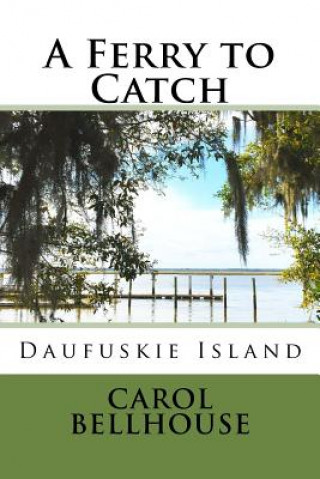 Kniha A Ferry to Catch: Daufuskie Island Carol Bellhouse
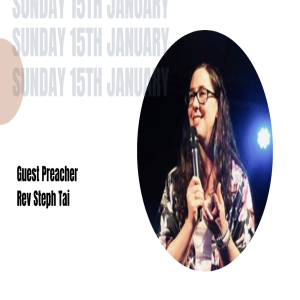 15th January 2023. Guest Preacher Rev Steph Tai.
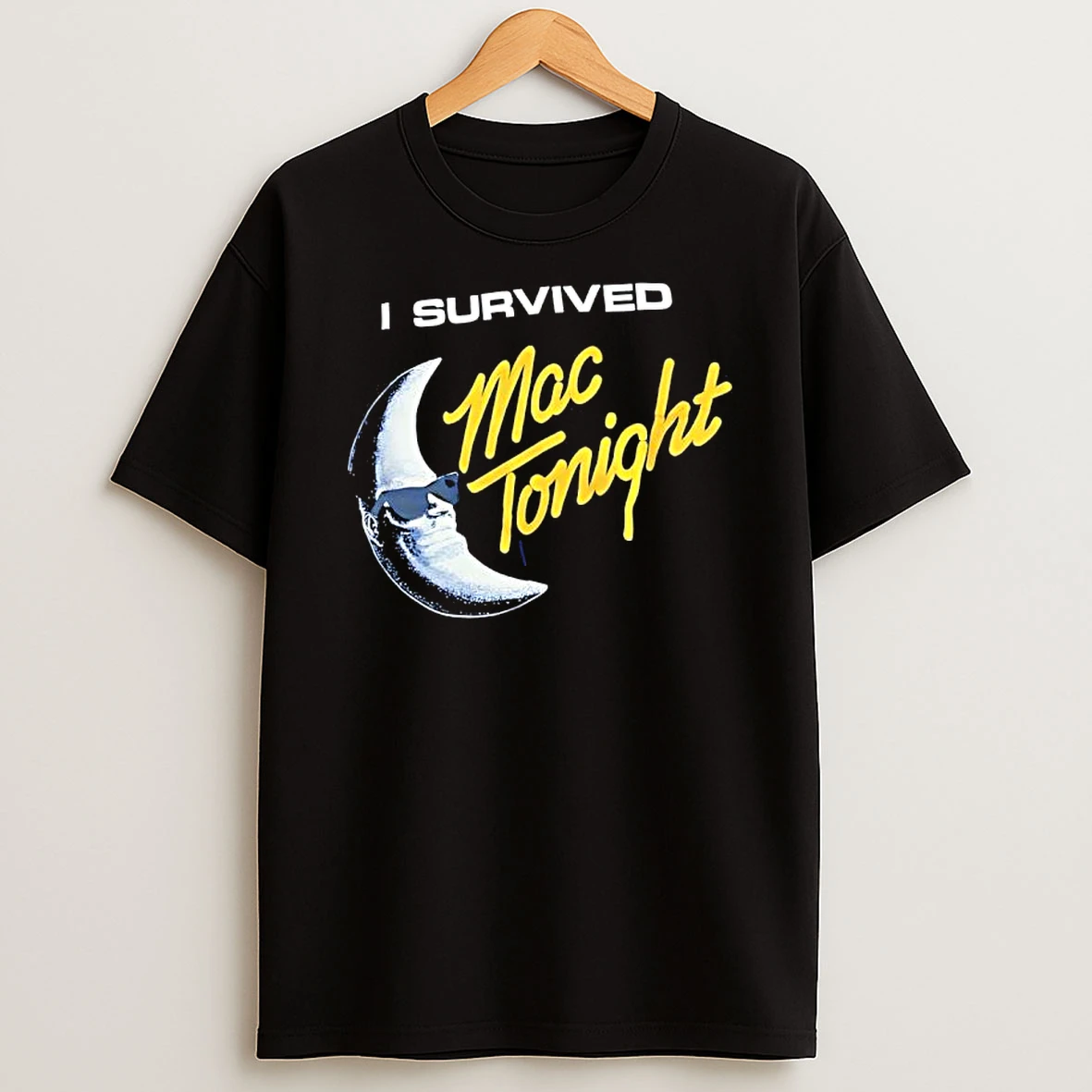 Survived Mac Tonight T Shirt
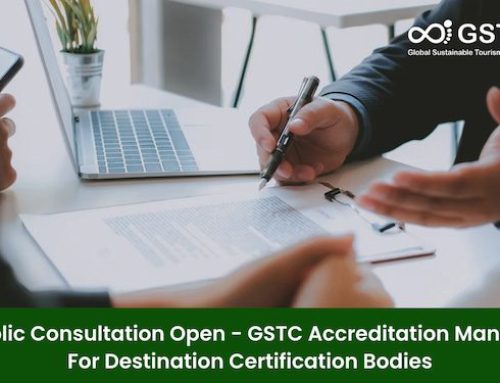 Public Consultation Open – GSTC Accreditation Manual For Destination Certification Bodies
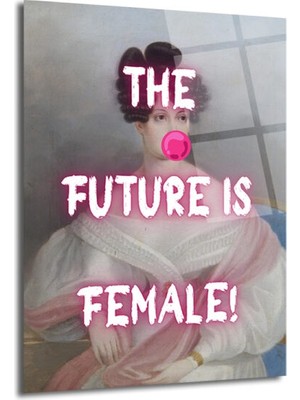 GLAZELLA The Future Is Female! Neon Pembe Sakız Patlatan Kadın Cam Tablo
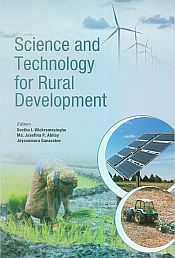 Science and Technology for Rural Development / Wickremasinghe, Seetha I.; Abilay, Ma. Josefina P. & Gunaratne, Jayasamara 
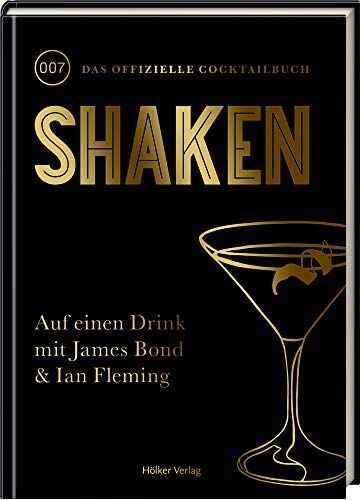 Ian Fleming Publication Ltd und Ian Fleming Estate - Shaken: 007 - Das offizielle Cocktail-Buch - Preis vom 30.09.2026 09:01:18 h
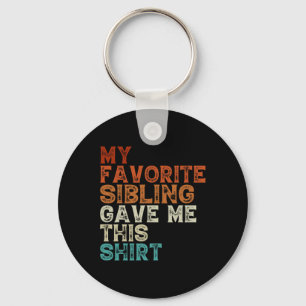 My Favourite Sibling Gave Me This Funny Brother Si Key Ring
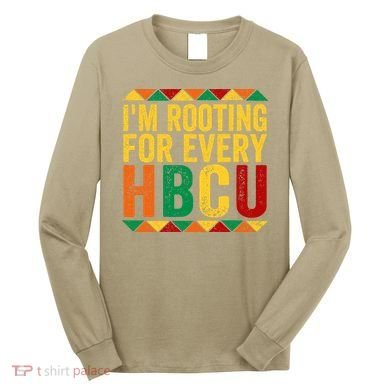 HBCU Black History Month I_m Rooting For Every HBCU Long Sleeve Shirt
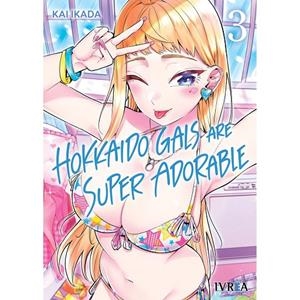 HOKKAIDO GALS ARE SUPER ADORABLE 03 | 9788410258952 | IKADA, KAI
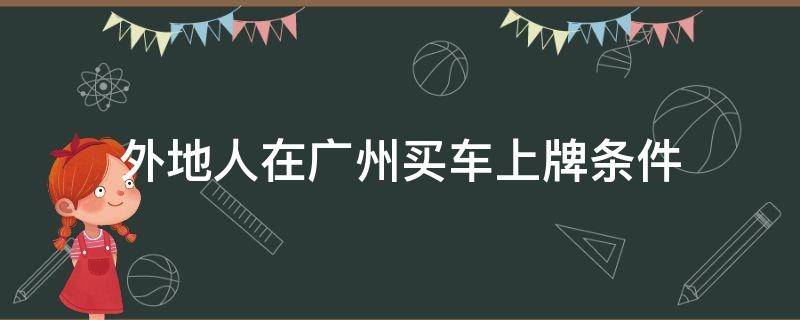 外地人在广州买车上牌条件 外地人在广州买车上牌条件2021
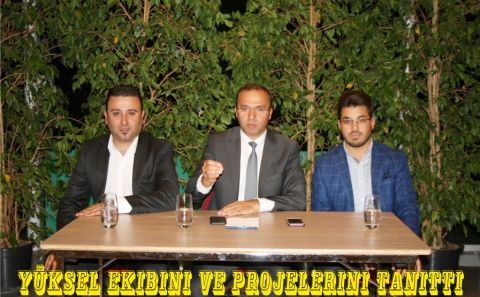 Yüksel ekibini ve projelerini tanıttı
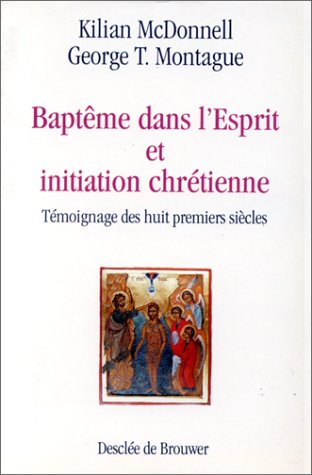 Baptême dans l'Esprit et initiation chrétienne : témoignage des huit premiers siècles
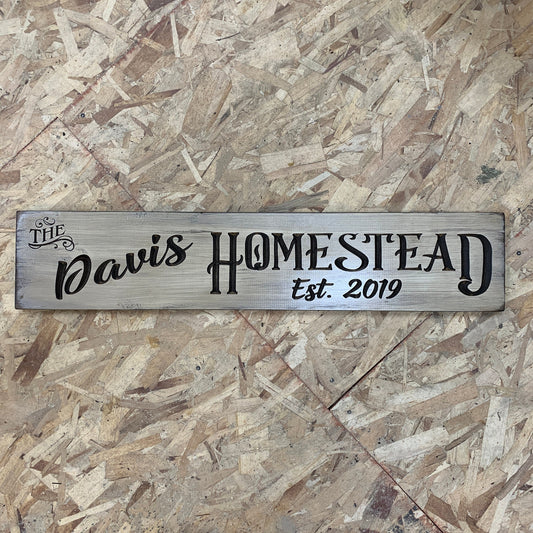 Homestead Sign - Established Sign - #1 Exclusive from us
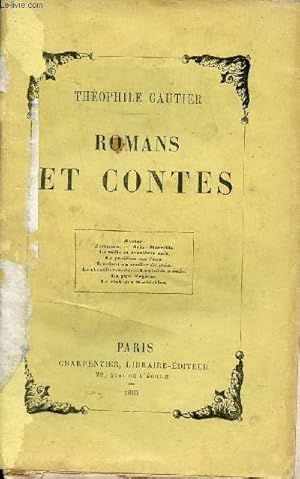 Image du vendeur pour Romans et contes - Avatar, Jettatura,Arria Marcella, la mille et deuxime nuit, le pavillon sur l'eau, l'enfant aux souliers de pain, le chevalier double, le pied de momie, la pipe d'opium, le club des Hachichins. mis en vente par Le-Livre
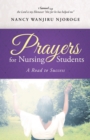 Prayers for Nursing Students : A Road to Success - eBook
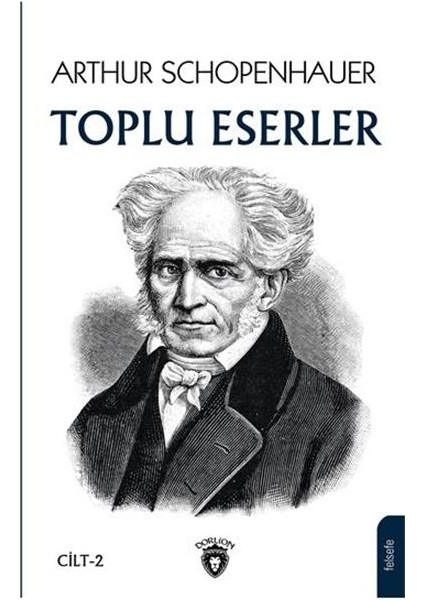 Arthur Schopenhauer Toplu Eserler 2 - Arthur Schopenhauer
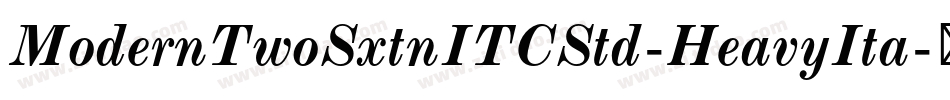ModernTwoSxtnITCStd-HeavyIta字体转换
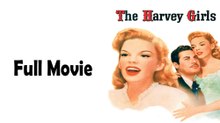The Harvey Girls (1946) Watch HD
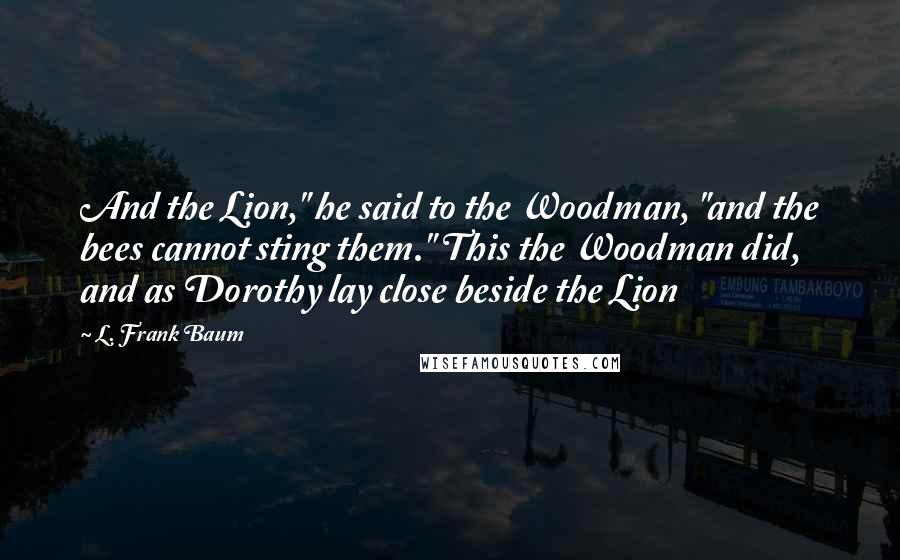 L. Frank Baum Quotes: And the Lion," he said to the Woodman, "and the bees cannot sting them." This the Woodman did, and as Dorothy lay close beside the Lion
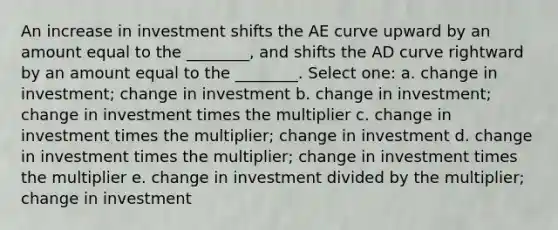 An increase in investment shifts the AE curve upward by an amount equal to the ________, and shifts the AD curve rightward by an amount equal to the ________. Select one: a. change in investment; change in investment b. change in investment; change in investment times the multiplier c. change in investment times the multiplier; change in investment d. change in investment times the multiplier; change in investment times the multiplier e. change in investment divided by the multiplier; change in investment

■ ■ ■ ■ ■ ■ ■

The reply should hold the entries above from the line with "Science and Technology" to the line with "HBCU Black History", duplicated exactly, pictures excluded.

 Science and Technology for Rural Development / Wickremasinghe, Seetha I.; Abilay, Ma. Josefina P. & Gunaratne, Jayasamara 
 Ian Fleming Publication Ltd und Ian Fleming Estate - Shaken: 007 - Das offizielle Cocktail-Buch - Preis vom 30.09.2026 09:01:18 h
 My Favourite Sibling Gave Me This Funny Brother Si Key Ring
 HBCU Black History Month I_m Rooting For Every HBCU Long Sleeve Shirt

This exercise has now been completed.